C’est le scrutin auquel les Français sont le plus attachés : les élections municipales vont avoir lieu dimanche. Le Monde a fait les comptes : « lors du premier tour, pas moins de 904 042 candidats, répartis entre 50 478 listes, s’affronteront pour s’occuper du destin des 34 875 communes françaises. Seuls 68 villages, tous de moins de 1300 habitants, se retrouvent sans candidats ».
Alors, « au cœur d’une année 2026 percutée par des guerres et des chocs géopolitiques, noyée dans une actualité politique nationale rythmée par les invectives et les polémiques alimentées par les réseaux sociaux, ces élections municipales sont une respiration démocratique nécessaire, s’exclame le quotidien du soir. (…) Malgré la défiance et le déclinisme qui plombent la France depuis, au moins, le milieu des années 80, la vie politique locale est toujours dynamique ».

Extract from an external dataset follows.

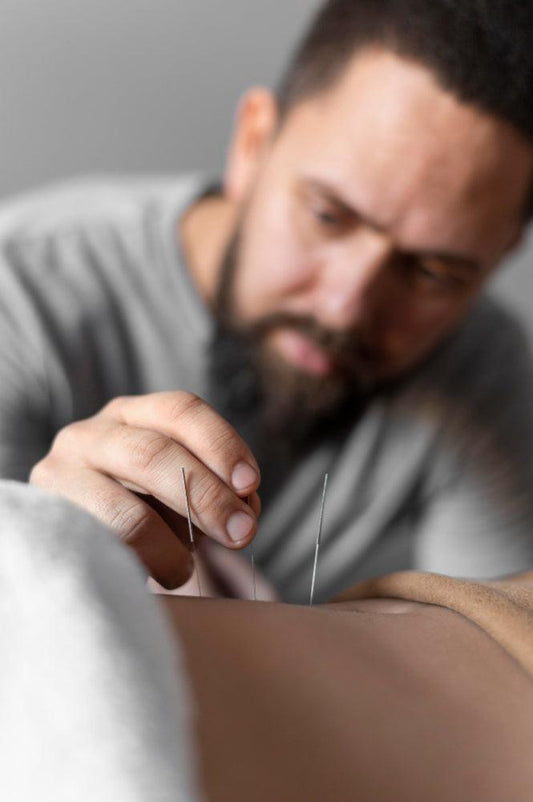 Exploring the Benefits of Acupuncture for Athletes - Fitness Health 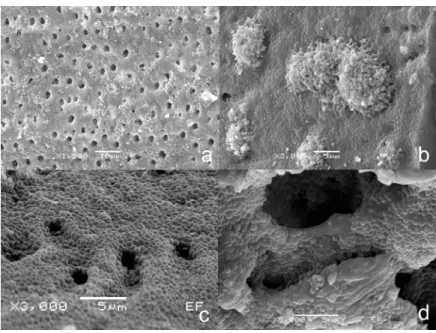 FIGURE 2-  Scanning electron microscopy of (a) Root dentinal surface covered by  E. faecalis  biofilm (X5,000)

Des « dangers pour la République… »
La Croix revient sur le débat politique national de ces dernières semaines qui a largement pollué la compagne de ce scrutin local : « alors que notre pays a été secoué par de vifs débats sur la violence politique, après le lynchage et la mort du militant d’extrême droite Quentin Deranque, il faut se garder des équivalences fallacieuses, affirme le quotidien catholique. De ce point de vue, il faut résister à la tentation d’apposer un signe "égal" entre LFI, La France insoumise, et le RN, le Rassemblement national, tous deux situés aux extrêmes de notre échiquier politique. Ils sont chacun à leur manière un danger pour la République, s’exclame La Croix. L’un est un parti fondé par d’anciens SS, dont les dirigeants actuels, liés à une même dynastie familiale au sein de laquelle les membres ont été condamnés à maintes reprises par la justice, n’ont jamais eu un mot pour regretter leur passé. L’autre est un groupe fondé sur le culte d’un chef, dont la stratégie est de "tout conflictualiser". Un homme dont il ne faut pas oublier la tirade de 2018 – "La République, c’est moi !" —, alors que la justice avait ordonné de perquisitionner ses locaux, mais aussi sa remise en cause permanente du contre-pouvoir que constitue la presse ».
Et La Croix de conclure : « le RN et LFI ont chacun leur trajectoire et leur histoire. Il est de la responsabilité de chacun de nous de les pointer. Faire cela, c’est refuser le simplisme et continuer à penser ».
Le thème de l’insécurité repris par la gauche
Libération pour sa part s’intéresse à ces maires de gauche qui « assument désormais de ne pas laisser le thème de l’insécurité à la droite et à l’extrême droite. Effectifs de police municipale en hausse ou installation de la vidéosurveillance sont des mesures souvent revendiquées dans leurs bilans, à Nantes par exemple, ville dirigée par le PS ; à Bordeaux, dirigée par un écolo, et dans beaucoup d’autres municipalités. D’aucuns, pointe le journal, notamment du côté des insoumis, critiquent une horrible droitisation du discours de la gauche sur le sujet. Les plus nombreux préfèrent assumer de s’emparer d’une thématique qui concerne d’abord les classes populaires. De tenir compte aussi d’une évolution du narcotrafic difficile à nier. Tout en continuant, relève encore Libération, d’avoir les yeux ouverts sur l’absolue nécessité d’accompagner ces politiques de sécurité par de véritables politiques de prévention, d’accompagnement social, de financement du tissu associatif, et de lutte contre les amalgames d’une droite et d’une extrême droite toujours prisonnière de leurs clichés ».
Plus un plébiscite sur une personne qu’un vote d’adhésion à un parti…
Reste que dans la plupart des communes de France, la couleur politique des candidats importe peu… C’est ce que pointe Le Parisien qui s’appuie sur une étude publiée hier qui montre que « seulement 8 % des Français jugent important que le maire soit "de la même sensibilité politique" qu’eux. Dans le même temps, 64 % évoquent son honnêteté, 52 % le fait qu’il tienne ses promesses et 32 % qu’il connaisse bien ses dossiers. Le rapport au maire a changé, relève encore Le Parisien, et rend l’élection plus "directe", ressemblant de plus en plus à un plébiscite sur une personne qu’à un vote d’adhésion au programme d’un parti ».
Enfin, Le Figaro s’inquiète d’une certaine désaffection démocratique locale… En effet, remarque le journal, « dans 68 % des communes, une seule liste sera présente, et dans 25 %, deux seulement. Dès dimanche soir, donc, 93 % des communes connaîtront le nom de leur maire. L’élection sera jouée dès le premier tour, sans véritable affrontement de projets ni future opposition au conseil municipal. Autrement dit, pointe Le Figaro, la question n’est pas seulement de savoir si la démocratie locale attire encore des volontaires, mais si elle reste partout une démocratie de débat, de pluralisme et d’alternative ».